D’altro canto, conclude Stefano Epifani, Presidente dell’Istituto, “come per molti altri argomenti il tema va affrontato da almeno tre angolazioni. In primo luogo, quella della consapevolezza. Spesso a generare veri e propri bias interpretativi è la mancanza di quella consapevolezza necessaria ad inquadrare il problema nel modo corretto. Troppo spesso – anche da parte di chi se ne occupa – si guarda alla dimensione ideologica e si rischia di perdere di vista quella sistemica. In secondo luogo, quella delle competenze, perché una volta acquisita contezza delle dimensioni del problema è necessario sviluppare nelle istituzioni, nelle aziende e nelle persone competenze specifiche. La battaglia per la parità (non solo di genere, peraltro) non si vince a colpi di ideologia, ma di diritto, di linguistica, di informatica. In ultimo, quella delle azioni. Servono azioni concrete da programmare tanto per favorire il cambiamento quanto per renderlo strutturale. Sono due fasi distinte, e vanno considerate come tali. L’esempio più classico è quello delle “quote”: strumento importantissimo per indurre un cambiamento ma eliminabile (e da eliminare) quando tale cambiamento sarà consolidato.

Per tutte e tre queste angolazioni il ruolo della tecnologia è determinante ed ancor più determinante è guardarvi in modo consapevole ed orientato alla sostenibilità. È indubbio che la tecnologia digitale possa essere strumento di integrazione sociale. Ma perché lo sia è necessario progettarla in modo corretto, il che vuol dire inclusivo by default.

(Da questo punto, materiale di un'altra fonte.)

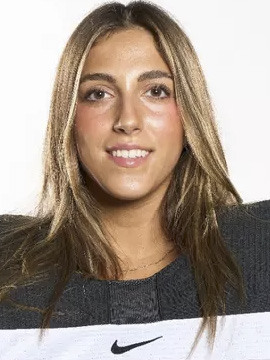 Olivia Klunowski headshot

E ciò richiede competenze diffuse sia in chi si occupa di analisi che in chi sviluppa le soluzioni, che senza cognizioni specifiche rischia di incappare – consapevolmente o meno – in quei bias che sono tanto più pericolosi quanto più non ci si aspetta che, talvolta, vengano da un algoritmo. Tendiamo a dimenticare che gli algoritmi sono realizzati da esseri umani, ed addestrati su decisioni prese il più delle volte da esseri umani. E da questi, quindi, possono essere condizionati. Ragionare in termini di sostenibilità digitale e guardare gli algoritmi ed alle tecnologie digitali in generale come strumento di inclusione ed equità è un passaggio fondamentale per la parità di genere”.